Paket ve "şartname"
ABD, özellikle 12 Eylül darbesinden bu yana, ülkemizde yapılan her seçimde "iktidar ihalesi" açmaktadır. İktidarını ABD icazetine bağlayan partilerin önüne bir "ihale şartnamesi" konmakta ve bu partilerin verdikleri "teklif"lerle, ABD'ye "hizmet yarışı"na girmeleri sağlanmaktadır. Erdoğan ve Kılıçdaroğlu'nun paylaşamadığı "demokratikleşme paketi"nin asıl sahibinin kim olduğunu belirlemek için başvurulacak en sağlam kaynak da, işte bu "ihale şartnamesi"dir. Şimdi en güncel şartnamelerden biri olan "U.S. - Turkey Relations: A New Partnership, Independent Task Force Report No. 69, CFR" ("ABD - Türkiye İlişkileri: Yeni Bir Ortaklık, Bağımsız Görev Birimi Raporu No. 69, CFR") başlıklı belgeye bir göz atalım.
Şartname koşulları
"... Türklerin yeni bir anayasa yapmaları siyasal olarak mümkün olmayabilir. Dolayısıyla Washington'un ... demokratik olmayan ve etkileri mevcut anayasa ile birlikte ele alındığında Türkiye'de demokrasinin uygulanmasını dinamitleyen yasaların, yönetmeliklerin, kuralların ve kararnamelerin kaldırılması veya değiştirilmesi için Türkleri zorlaması gerekir. Ceza yasasının Türklüğe hakareti suç sayan 301. maddesi bunlar arasında yer almaktadır. ... Ayrıca Türkiye'nin, silahlı kuvvetlerin iç hizmet yasasının ...(ilgili) maddeleriyle, Rum-Ortodoks Halki Ruhban Okulunun açılmasını engelleyenler de dahil olmak üzere, din özgürlüğünü kısıtlayan yasal düzenlemeleri kaldırması lazımdır. ... Ayrıca Ankara'nın partilerin parlamentoya girmesine ilişkin seçim barajını düşürmesi gerekir." (s. 25-26)
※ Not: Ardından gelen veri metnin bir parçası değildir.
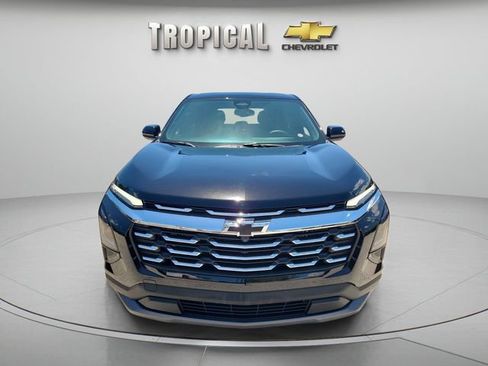 New 2027 Chevrolet Equinox LT FWD image 8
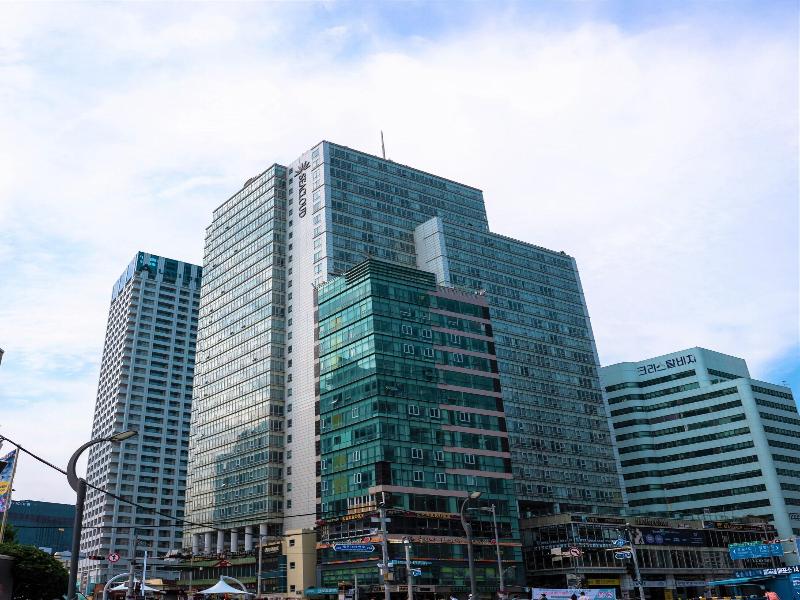 Suncloud Hotel image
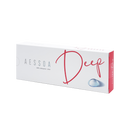 Aessoa Deep Lidocaine (1x1ml) - LSF Dermal Fillers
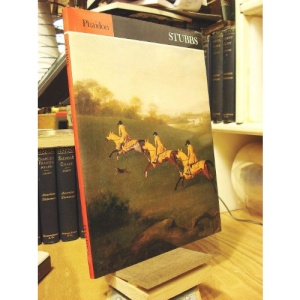 Stubbs (Colour Plate Books)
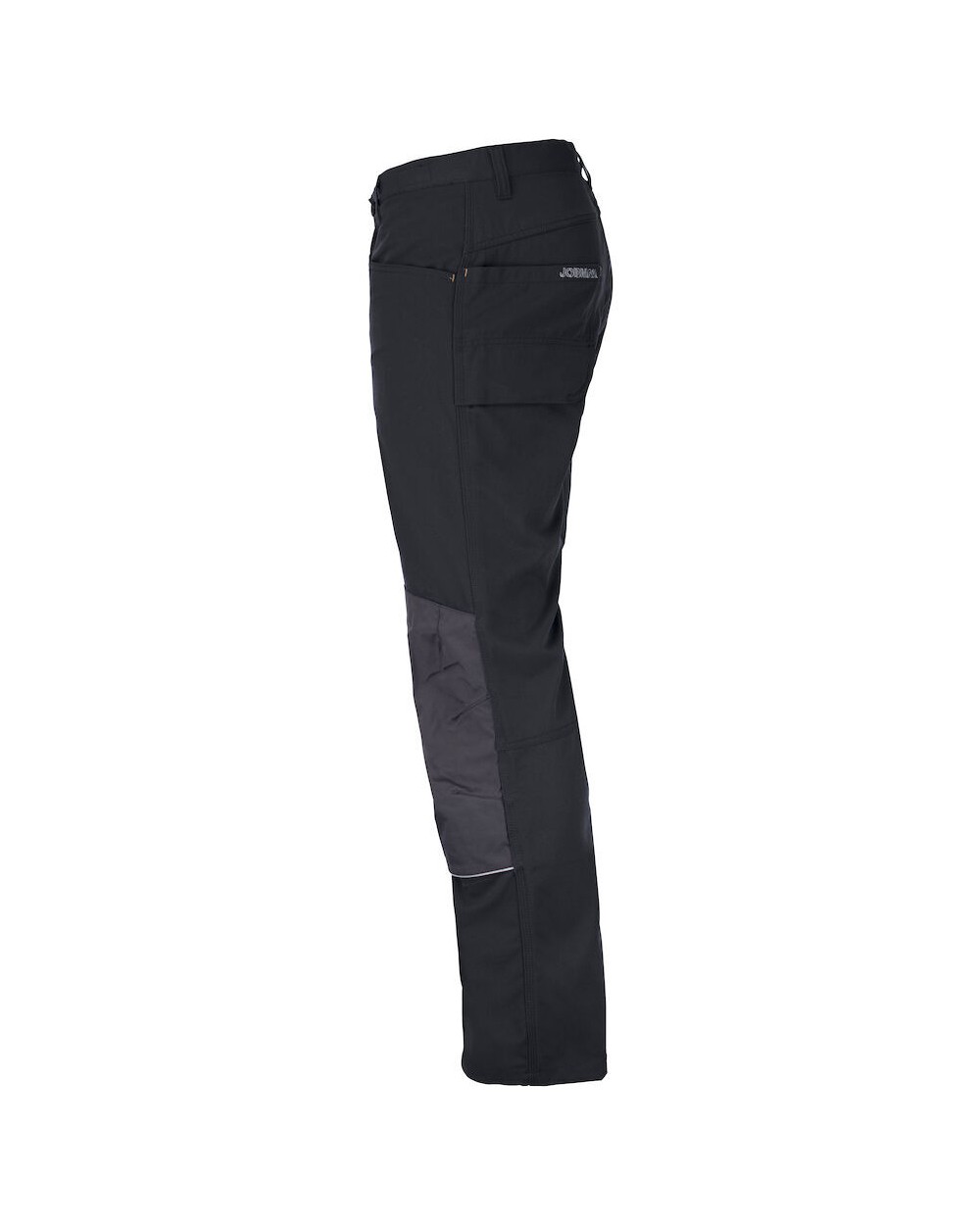 Broeken JOBMAN 2811 Service Trousers Fast Dry voor bedrukking &amp; borduring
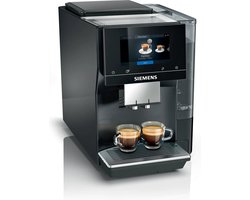 Siemens EQ.700 TP717DF6 koffiezetapparaat Volledig automatisch Espressomachine 2,4 l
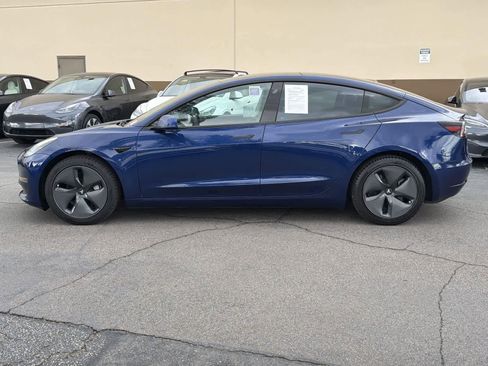 Used 2020 Tesla Model 3 Standard Range Plus image 7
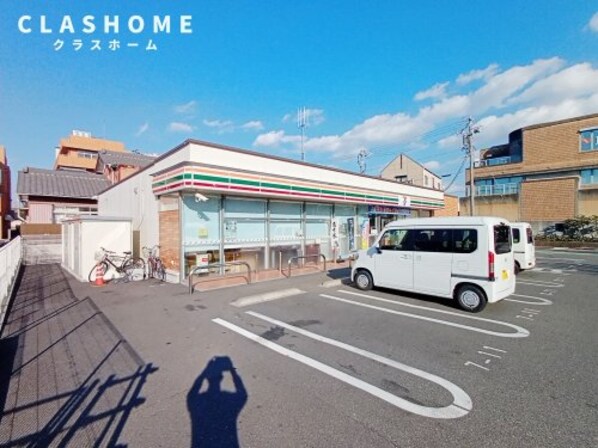 Maisonette park 碧南中央駅 Bの物件内観写真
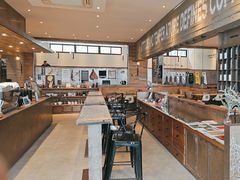 -Vanilla Specialty Coffee(八大关店)
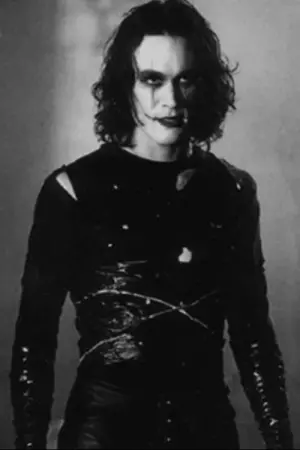 Постер к фильму "Ворон" #453618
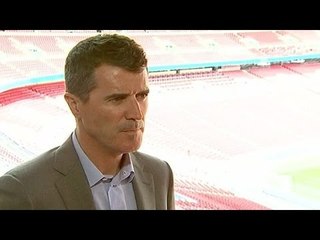 Roy Keane Says Louis van Gaal Is The Right Man For Man Utd "A Vastly Experienced Manager"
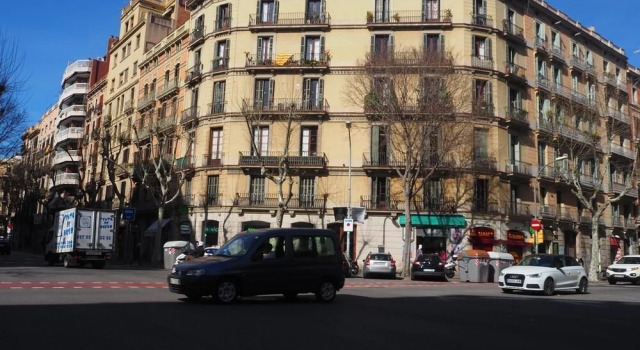 Eixample Arts, Забронировать Отель Эшампле Барселона, рядом с Jove Regina Theatre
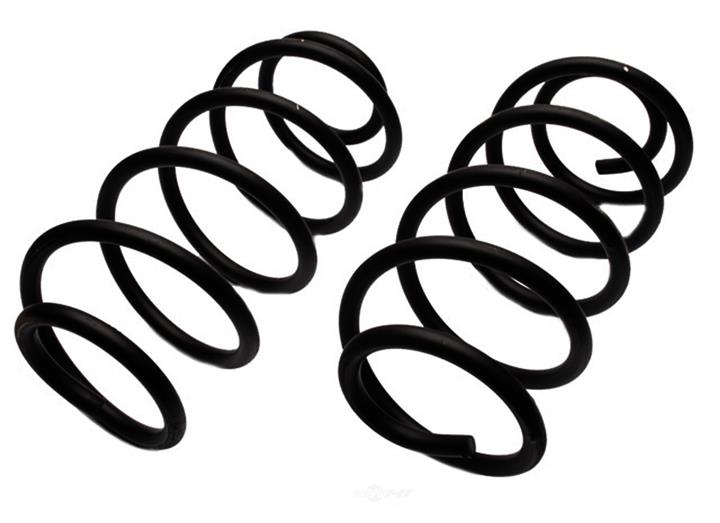 AC Delco 45H2037 Suspension kit, coil springs 45H2037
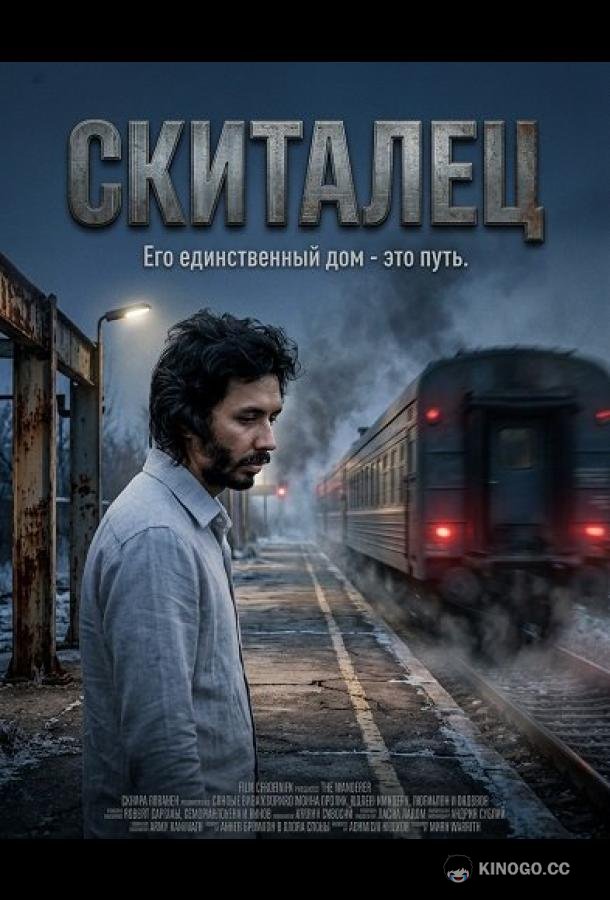 Скиталец (2026) 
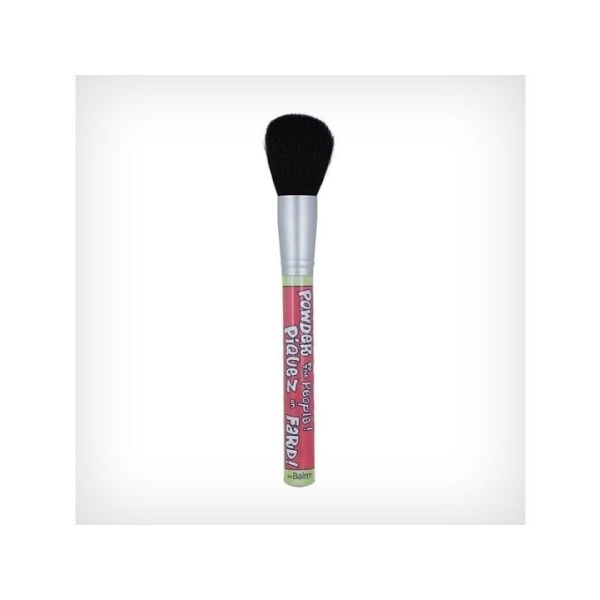 theBalm Powder To The People Brush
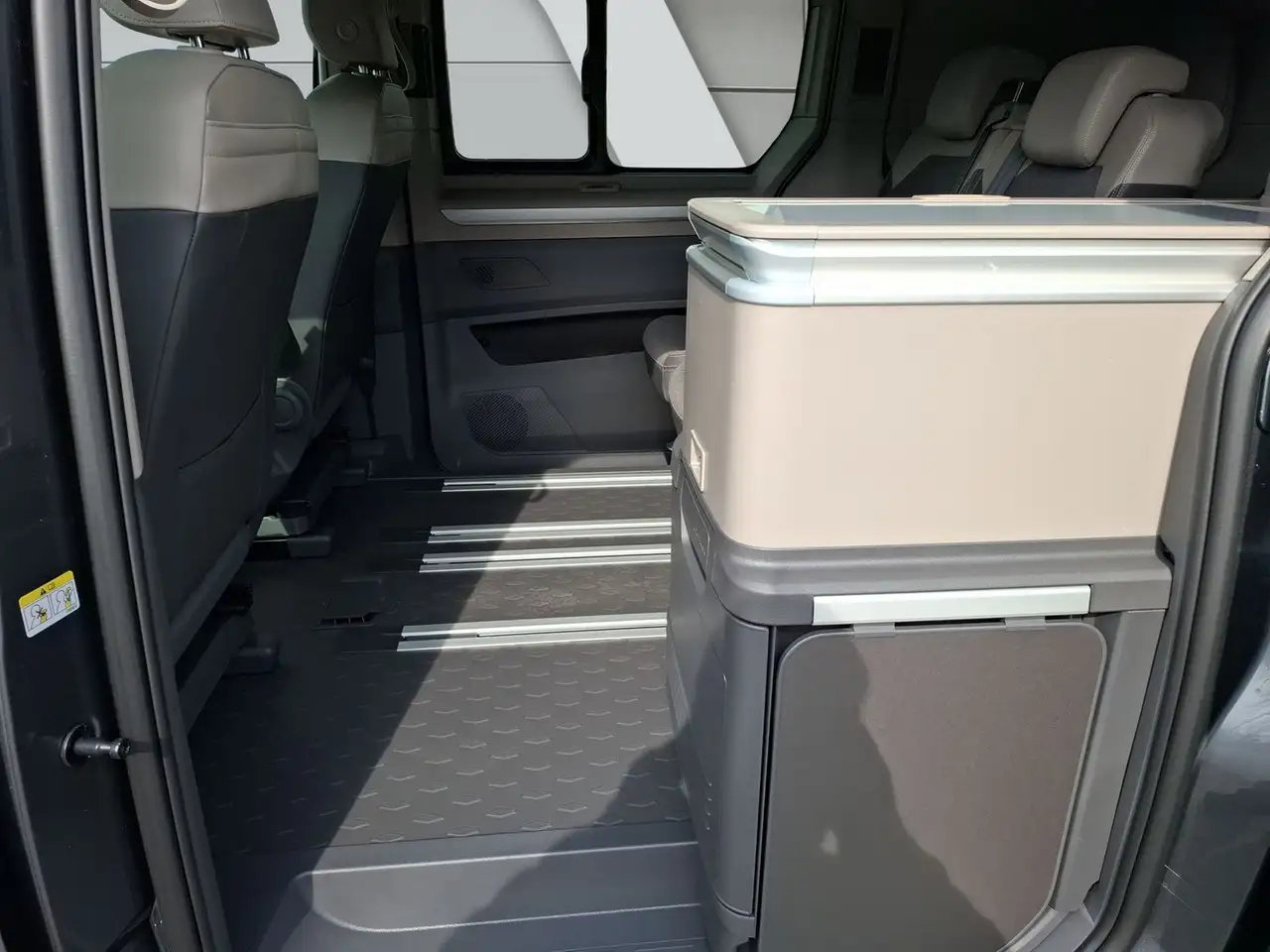 Volkswagen T7 California OCEAN TDI DSG *TOP-EXTRAS*SOFORT* Klima 11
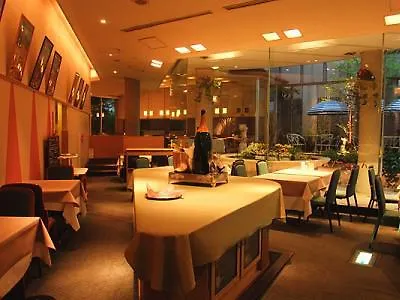 Sotetsu Fresa Inn Tokyo-Toyocho Hotel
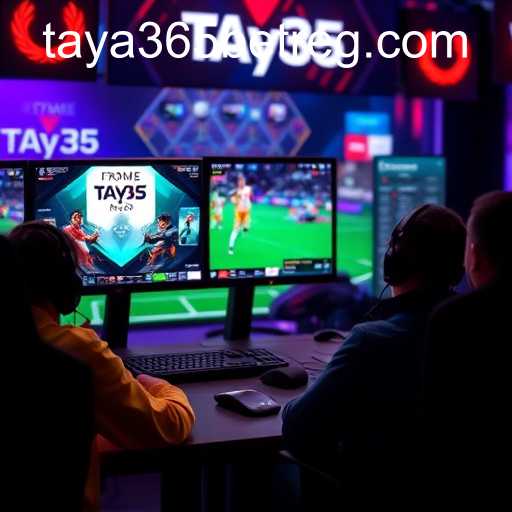 The Rise of Online Gaming Platforms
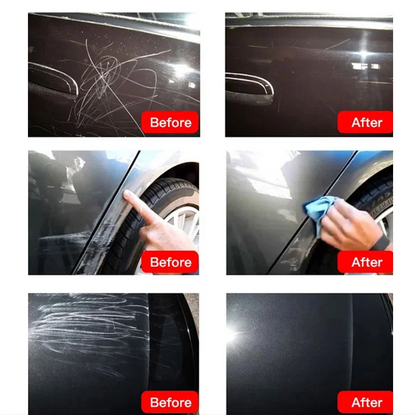 ✨Buy 2 get 1 free🚗Car paint scratch repair spray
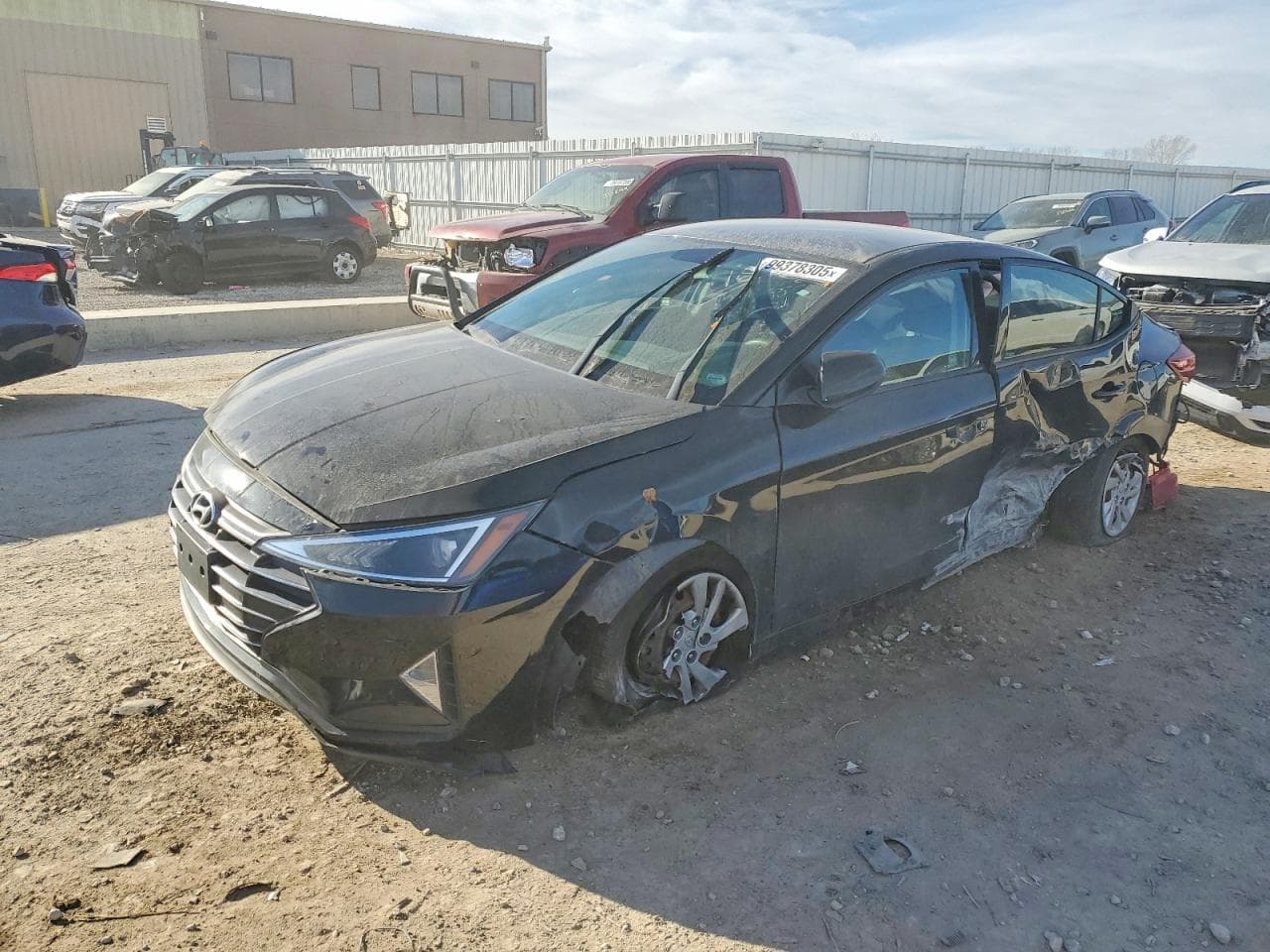 ELANTRA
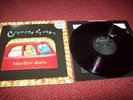 CROWDED HOUSE TOGETHER ALONE  LP NEAR MINT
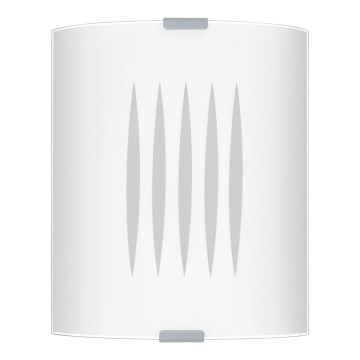 EGLO 83132 - Stropní nástěnné svítidlo GRAFIK 1xE27/60W EGLO 83132 - Stropní nástěnné svítidlo GRAFIK 1xE27/60W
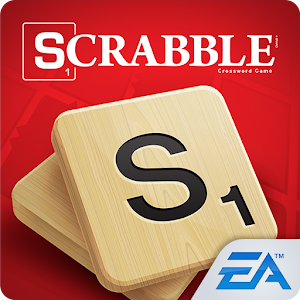 SCRABBLE for PC and MAC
"... Başkan Obama, Başbakan Erdoğan'la olan sıcak ilişkisini ve Türkler arasındaki kişisel itibarını kullanarak, onları yeni bir Kürt açılımına ikna etme imkanına sahiptir. ABD'nin Başbakan Erdoğan'ı, Dersim'de (şimdiki Tunceli) 1936-1939 yılları arasında katledilen yaklaşık 13 bin Alevi Kürt nedeniyle 2011 Kasım ayında dilediği özrün devamı niteliğinde adımlar atmaya ve Türkiye'nin Kürt toplumuna yeni bir jest yapmaya teşvik etmelidir. ... Washington, özel görüşmelerle Ankara'nın ekonomi, eğitim ve kültür alanlarında ... Kürtlerin kimliklerinin resmen tanınması yönündeki istemlerine yanıt verecek adımlar atmasını teşvik etmelidir." (s. 29)
Paket kimin paketi?
Erdoğan tarafından açıklanan ve Kılıçdaroğlu tarafından "bizim önerilerimizin kötü bir kopyası" yorumuyla karşılanan "Demokratikleşme Paketi"nin, adı da dahil olmak üzere tek tek bütün maddelerini yukarıdaki alıntının tümceleriyle eşleştirmeyi okurlarımıza bırakıyorum. Daha önce sözü edildiği halde pakette yer almayan maddeler de, yukarıdaki alıntının yapıldığı raporun her bölümünün sonuna eklenmiş "tavsiyeler" arasında yer almaktadır. Paketin Erdoğan'a mı, Kılıçdaroğlu'na mı, PKK'ye mi yoksa başkasına mı ait olduğu sorusunu böylece yanıtlanmış oluyor.
Bir uyarı
Ülkemizde "ABD icazetli iktidarlar" döneminin sonuna geldik. Kuşkusuz Erdoğan ve Gül gibi iktidarlarının sürdürülmesi açısından başka çaresi olmayanlar, bu dönemin devam etmesi için sonuna kadar direneceklerdir. Ancak burada CHP açısından son derece uyarıcı olması gereken iki husus vardır. Birincisi, günümüzde halk hareketinin yöneldiği Milli Hükümet ile ABD'nin "ihale hükümetleri" arasında herhangi bir manevra alanı kalmamıştır. Bugün ABD şartnamesine AKP gibi bağlanmak, AKP'nin on yıl iktidarda kalıp millet karşısında içine düştüğü duruma, hiç iktidar bile olmadan hemen düşmek anlamına gelecektir.
İkincisi ise, ABD'nin ihaleyi kızıştırmak için dağıttığı mavi boncuklara, kendi milletvekillerine paket hakkında konuşmayı yasaklayacak kadar güvenmek, siyasal safdillikten başka bir şey değildir. ABD'nin CHP'ye yüklediği rol, bir yandan AKP'yi sıkıştırma amacıyla içinde CHP'nin de yer aldığı sözde seçenekler yaratırken, aynı zamanda CHP'nin şartnamenin uygulanmasında AKP'ye payandalık etmesidir. Bu uyarılara kulak asmayanların, anılan raporun ülkemizdeki muhalefet partilerine ilişkin değerlendirmesini (s. 26) okumaları hararetle önerilir.